Gumby, a diminutive pony-tailed drummer, believes Pakistani rock music is vibrant enough to withstand pockets of extremism and shield society at large from Western fears of the Taliban.
“I’ve been in the industry more than two decades and have seen Pakistani music rise, fall and rise again. Our culture is resilient, which won’t allow the Taliban to take over our society,” the 34-year-old said.
Louis John Pinto, better known as Gumby, launched himself on the rock circuit as a drummer and percussionist while a teenager and has played as a session musician with all the major cult bands in the country.
PHOTO: AFP
Pakistan has seen creeping religious conservatism for years. Its military is fighting to put down Taliban militants in the northwest and tribal belt on the Afghan border, albeit far from cities populated by the moderate elite.
Extremists have blown up hundreds of music and DVD shops in the northwest, branding them against Islam and forcing traders to display pro-Taliban tirades against the US to gruesome clips of beheadings and bomb attacks.
Hundreds of kilometers away in his compact studio in a multi-story building in Clifton, Karachi’s poshest address, Gumby said the future of music is promising, with money and passion being injected afresh into the industry.
“Making music one’s livelihood was thought to be a taboo for people here, but now parents themselves encourage their children to learn music, which shows we have a brighter future,” he said.
At one recent concert at an open-air amphitheater in Islamabad, young middle-class Pakistanis dressed in tight jeans braved a chilly night to cheer bands introduced by two young women teetering on high heels.
In the more expensive stalls, parents brought young children, even babies and grandparents to listen to the music.
Successive governments have encouraged culture by relaxing curbs on artists and intellectuals.
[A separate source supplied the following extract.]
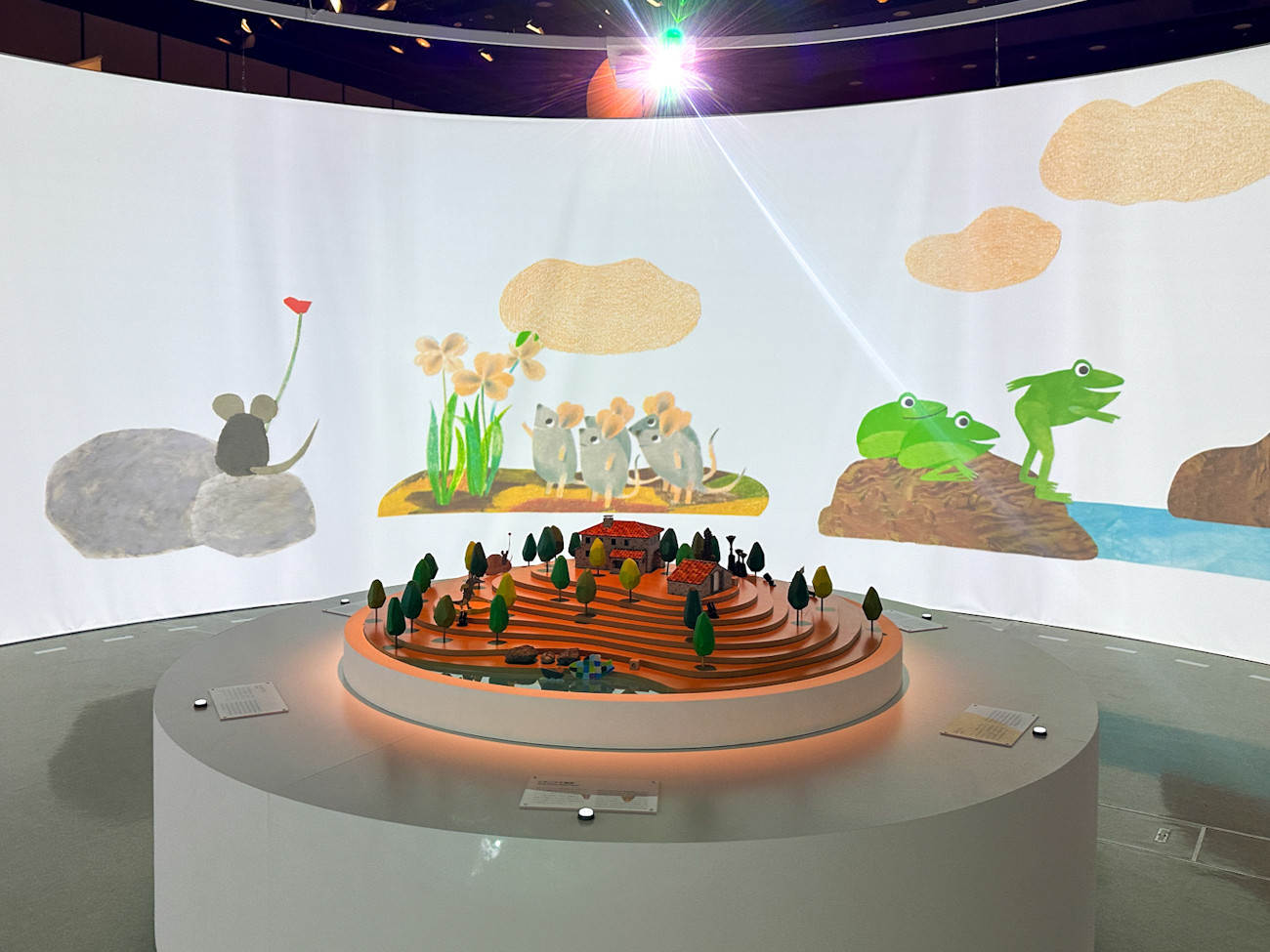 ヒカリエホール「レオ・レオーニの絵本づくり展」会場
The explosion of independent television and radio in the last decade has also fostered musical talent.
“It is the one thing which comforts our people who are sick of terror attacks and political instability in the country,” Gumby said.
Hamza Jafri agreed. Last year he opened the Guitar School in Lahore, Pakistan’s relatively liberal and wealthy cultural capital in the east, which now teaches rock guitar to dozens of girls and boys aged seven to 20.
“Students are forming bands and the youngest one consists of three seven-year-olds,” said Abid Khan, one of the founders of the school.
Most pupils come from wealthy families and are actively encouraged by their parents. Some dream of going professional.
“I want to become a rock star,” said a shy 10-year-old who gave his name only as Kashan.
Hasan Zaidi, a film producer and director who has chronicled Pakistani music, sees a renaissance in underground contemporary pop.
“Pakistani pop is beginning to discover its own voice moving beyond bubblegum songs about love, by creating fusion with indigenous folk and singing songs about what is happening around us,” he said.
Others, however, said that shows and concerts were declining because of economic woes and fears of bomb attacks — hammering musicians’ main source of income, which rampant piracy deprives them from in sales of DVDs and CDs.
“Terrorism and a weak economy have affected the music industry dearly,” said Ali Azmat, one of the most famous contemporary rock stars in Pakistan. “There has been a 50 to 60 percent decline in shows and concerts and overall earnings since 2005.”
He accused “Western powers and their intelligence agencies” of harboring an agenda against Pakistan. Instead, his recent album Kalashnifolk focused on the agonies of social problems that he feels are Pakistan’s real plague.
Six years ago Junaid Jamshed, Pakistan’s most famous frontman — lead singer with Vital Signs, the country’s first rock band, that emerged in 1986, renounced music and his playboy image to turn to religion.
Today he owns designer outlets specializing in conservative dress, keeps his beard long and joined preaching organization Tablighi Jamaat.
Critics hold General Zia-ul-Haq and his 11 years of military rule from 1977 to 1988 responsible for infringing the country’s pluralistic tolerant culture and initially driving rock music underground.
“The early 1980s also saw the rise of political pop, whose lyrics explicitly dealt with issues of freedom and repression,” Zaidi said.
Certainly for band Laal, which means Red in Urdu, their music is all about politics and Marxism.
One of their songs became an anthem for the lawyer’s protest movement that resulted last year in the government restoring the independent judiciary after a two-year hiatus.
“We are interested in playing music of resistance, struggle and emancipation,” said lead guitarist Taimur Rehman, who is studying for a doctoral degree in London.
The band’s most popular song is based on popular poems of Habib Jalib, a renowned Pakistani poet who opposed military rule and state oppression in the 1960s, although followers believe his words are as relevant today as ever.
“You are the truth; they are an illusion, My prayer is that ou remain president forever,” is one of their lyrics, which resonates today with critics of Pakistani President Asif Ali Zardari, who want him to resign over graft allegations.